Insta salientar que o resultado do novo julgamento é irrelevante para a caracterização de nulidade. Assim, nas palavras dos Ilustres doutrinadores Fredie Didier Junior e Leonardo José Carneiro da Cunha, o inciso IV do art. 485 do CPC, nos leva a entender “que a conclusão a que chegou o juiz, ao proferir uma sentença de mérito, não poderá mais ser discutida em outro processo que envolva as mesmas partes, com idêntica causa de pedir e com o mesmo pedido ”.

V – Violação de literal disposição de lei.

Trata o inciso V de hipótese das mais discutidas e utilizadas pelos operadores do direito para obtenção da rescisão de uma decisão transitada em julgado.

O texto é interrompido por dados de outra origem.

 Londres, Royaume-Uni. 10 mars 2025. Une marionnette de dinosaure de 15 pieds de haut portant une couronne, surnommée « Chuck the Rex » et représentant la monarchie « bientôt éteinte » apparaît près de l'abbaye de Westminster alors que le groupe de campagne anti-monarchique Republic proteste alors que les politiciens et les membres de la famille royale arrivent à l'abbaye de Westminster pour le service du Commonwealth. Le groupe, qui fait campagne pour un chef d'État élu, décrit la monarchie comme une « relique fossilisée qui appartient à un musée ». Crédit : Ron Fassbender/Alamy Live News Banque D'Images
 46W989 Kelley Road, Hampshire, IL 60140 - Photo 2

Contudo, como será demonstrado, tal hipótese não deve ser interpretada de forma abrangente, havendo inúmeras limitações para seu conhecimento.

Inicialmente, cumpre esclarecer a abrangência do termo “lei”, utilizada no inciso em comento.

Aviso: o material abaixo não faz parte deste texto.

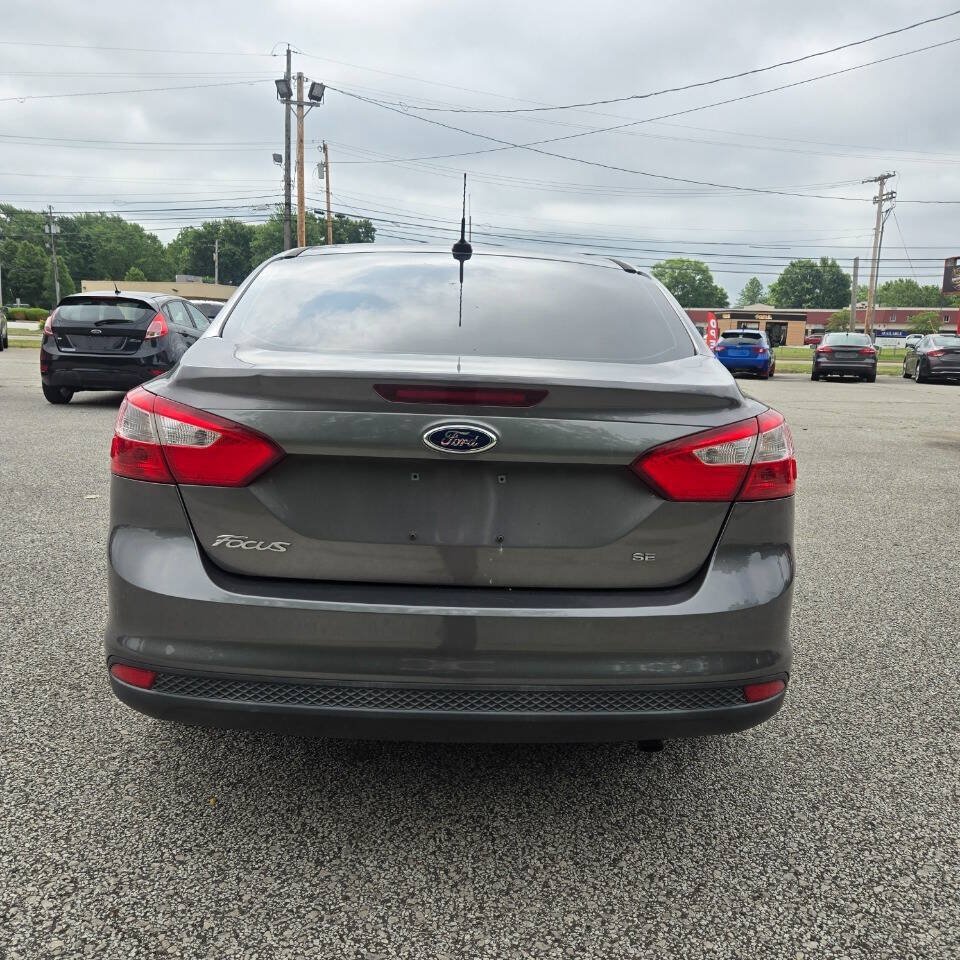 Used 2014 Ford Focus SE w/ SE Winter Package FWD image 6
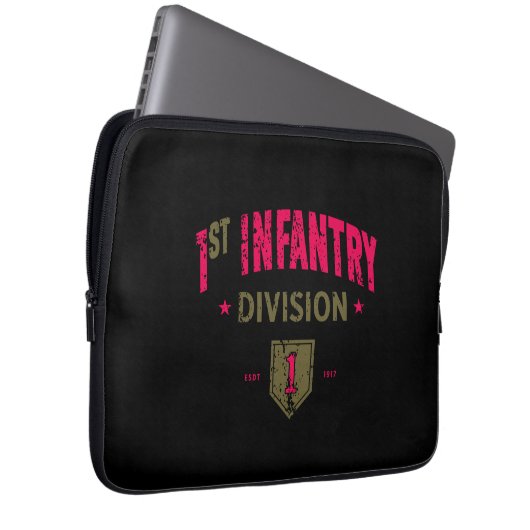 Erste Infanterieabteilung "BRO" erschüttert Laptopschutzhülle (Vorne Rechts)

É incontroverso, tanto na doutrina, quanto na jurisprudência, que o termo, tal como empregado no dispositivo, constitui expressão ampla, abrangendo a lei complementar, a ordinária, a delegada, a medida provisória, o decreto, ou qualquer outro ato de conteúdo normativo, seja ele nacional ou internacional, material ou processual.

Contudo, tal expressão, ainda que abrangente, não admite interpretação extensiva, valendo a regra aplicada ao próprio artigo 485 do CPC, ou seja, não será passível de rescisão a decisão que contrarie súmula, mesmo em se tratando de súmula vinculante.

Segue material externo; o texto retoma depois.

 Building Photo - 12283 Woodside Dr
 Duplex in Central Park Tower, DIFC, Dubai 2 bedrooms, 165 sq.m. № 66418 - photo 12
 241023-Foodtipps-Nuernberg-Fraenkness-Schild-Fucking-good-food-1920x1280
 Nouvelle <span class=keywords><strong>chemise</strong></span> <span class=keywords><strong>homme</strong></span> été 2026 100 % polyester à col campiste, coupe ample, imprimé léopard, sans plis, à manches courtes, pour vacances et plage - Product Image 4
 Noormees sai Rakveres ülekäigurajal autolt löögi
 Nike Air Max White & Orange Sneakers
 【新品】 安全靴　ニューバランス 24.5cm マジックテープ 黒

As controvérsias da aplicação do referido inciso, por outro lado, são freqüentes, e originadas em virtude do conceito do termo “violação literal”, do dispositivo de lei.

Por um lado, há quem defenda que o termo se refere a direito escrito, positivado, ou seja, será aplicável a hipótese prevista no inciso V apenas quando a violação atingir a lei ou a tese que expressamente nela está contida.

Por outro lado, o termo não deve ser entendido como a simples ofensa a letra escrita do artigo violado, e sim quando há ofensa flagrante a lei, seja em relação a sua forma, ou modo de aplicação. Denota-se ser um entendimento mais abrangente.

De qualquer forma, uniformiza-se o entendimento em favor da segunda tese, ou seja, caberá ação rescisória, não apenas quando se contraria expressamente o dispositivo normativo, mas também quando lhe é negada vigência ou, ainda, quando evidente o erro na qualificação jurídica dos fatos.

Contudo, uma limitação fundamental ao dispositivo em comento, refere-se ao não conhecimento da ação rescisória, fundada no inciso V do art. 485 do CPC, quando sobre o dispositivo de lei, supostamente violado, houver divergências de interpretação em sua aplicação. Ou seja, não se cogita rescindir uma decisão judicial em função do modo de se interpretar a lei.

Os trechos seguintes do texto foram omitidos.